BLBG: Soybeans Rise as Excessive Rain Threatens U.S. Crop; Corn Gains
By Tony C. Dreibus
June 18 (Bloomberg) -- Soybeans rose, notching the first weekly gain since April, on speculation that unusually heavy rain will leave U.S. Midwest fields too muddy to plant. Corn also gained.
Farmers in parts of Iowa and Illinois, the biggest U.S. soybean producers, must decide by June 20 to receive crop insurance payments instead of planting. Some areas received six times the normal rainfall in the past month, delaying soybean seeding and threatening to damage newly planted corn crops.

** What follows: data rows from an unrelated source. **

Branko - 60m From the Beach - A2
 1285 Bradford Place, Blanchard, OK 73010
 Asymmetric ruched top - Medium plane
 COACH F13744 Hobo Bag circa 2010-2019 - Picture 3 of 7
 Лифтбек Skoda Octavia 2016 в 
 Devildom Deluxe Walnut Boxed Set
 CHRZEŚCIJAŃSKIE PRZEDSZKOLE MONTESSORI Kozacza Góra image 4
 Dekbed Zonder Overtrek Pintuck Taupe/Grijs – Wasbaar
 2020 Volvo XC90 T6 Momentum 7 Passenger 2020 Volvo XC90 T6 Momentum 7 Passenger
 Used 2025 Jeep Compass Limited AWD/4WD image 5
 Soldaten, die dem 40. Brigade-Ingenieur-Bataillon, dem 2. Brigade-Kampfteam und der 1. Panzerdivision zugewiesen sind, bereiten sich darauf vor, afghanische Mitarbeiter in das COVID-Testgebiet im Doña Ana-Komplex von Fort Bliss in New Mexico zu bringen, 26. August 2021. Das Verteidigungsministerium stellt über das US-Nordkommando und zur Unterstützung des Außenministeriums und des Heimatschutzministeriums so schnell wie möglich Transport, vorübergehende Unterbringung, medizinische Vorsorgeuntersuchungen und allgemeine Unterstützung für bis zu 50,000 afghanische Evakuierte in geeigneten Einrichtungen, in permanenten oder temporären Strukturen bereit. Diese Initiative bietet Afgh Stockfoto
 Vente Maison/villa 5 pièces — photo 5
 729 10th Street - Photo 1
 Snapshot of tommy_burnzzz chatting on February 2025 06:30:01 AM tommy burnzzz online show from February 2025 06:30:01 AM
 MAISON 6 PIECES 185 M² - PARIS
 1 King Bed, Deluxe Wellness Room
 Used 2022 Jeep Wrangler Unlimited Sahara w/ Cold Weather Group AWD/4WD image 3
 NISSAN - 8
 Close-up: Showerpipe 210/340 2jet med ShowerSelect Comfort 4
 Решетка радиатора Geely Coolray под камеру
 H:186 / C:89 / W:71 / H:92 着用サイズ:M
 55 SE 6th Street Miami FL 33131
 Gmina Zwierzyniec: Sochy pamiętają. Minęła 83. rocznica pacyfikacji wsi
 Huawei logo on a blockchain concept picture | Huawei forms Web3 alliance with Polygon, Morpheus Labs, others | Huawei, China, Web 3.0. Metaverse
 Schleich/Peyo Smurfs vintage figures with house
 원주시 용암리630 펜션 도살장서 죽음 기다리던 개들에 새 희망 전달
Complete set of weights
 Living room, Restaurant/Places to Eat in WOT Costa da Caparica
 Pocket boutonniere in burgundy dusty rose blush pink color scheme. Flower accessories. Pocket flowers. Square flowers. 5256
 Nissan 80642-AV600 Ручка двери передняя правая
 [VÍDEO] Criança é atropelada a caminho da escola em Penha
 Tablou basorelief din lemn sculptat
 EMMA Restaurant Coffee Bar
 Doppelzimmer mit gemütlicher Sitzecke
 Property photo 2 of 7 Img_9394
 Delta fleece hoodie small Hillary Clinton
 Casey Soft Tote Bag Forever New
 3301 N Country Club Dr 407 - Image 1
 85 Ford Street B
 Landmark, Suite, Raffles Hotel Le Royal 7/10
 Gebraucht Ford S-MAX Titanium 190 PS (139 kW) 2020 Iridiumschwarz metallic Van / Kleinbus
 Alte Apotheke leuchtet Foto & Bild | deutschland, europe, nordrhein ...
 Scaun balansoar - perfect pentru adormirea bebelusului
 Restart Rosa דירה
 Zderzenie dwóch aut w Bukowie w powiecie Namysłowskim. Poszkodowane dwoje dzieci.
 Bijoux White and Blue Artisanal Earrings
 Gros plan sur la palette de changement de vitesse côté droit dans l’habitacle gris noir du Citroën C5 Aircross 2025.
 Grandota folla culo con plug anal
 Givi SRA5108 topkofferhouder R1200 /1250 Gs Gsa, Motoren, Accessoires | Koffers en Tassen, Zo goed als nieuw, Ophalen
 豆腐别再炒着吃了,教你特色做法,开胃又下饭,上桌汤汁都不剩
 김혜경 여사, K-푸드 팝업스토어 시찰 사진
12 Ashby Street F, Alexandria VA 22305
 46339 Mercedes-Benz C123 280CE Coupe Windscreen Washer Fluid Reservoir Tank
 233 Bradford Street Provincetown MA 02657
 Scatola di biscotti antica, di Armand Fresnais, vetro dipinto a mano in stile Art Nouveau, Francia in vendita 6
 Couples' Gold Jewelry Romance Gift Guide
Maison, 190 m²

“The rain amounts are looking extremely heavy for corn and for beans,” said Mike Zuzolo, the president of Global Commodity Analytics in Lafayette, Indiana. “The preventive planting date is coming up for beans on June 20. That keeps shorts from pressing the downside and keep longs from taking profits.”
Soybean futures for November delivery rose 5.5 cents, or 0.6 percent, to $9.305 a bushel on the Chicago Board of Trade. The price gained 2.3 percent this week, the first since April 23.
Corn futures for December delivery rose 2.25 cents, or 0.6 percent, at $3.805 a bushel on the CBOT. Helped by a 2.6 percent increase this week, the price has jumped 13 percent since June 7, the last time futures declined.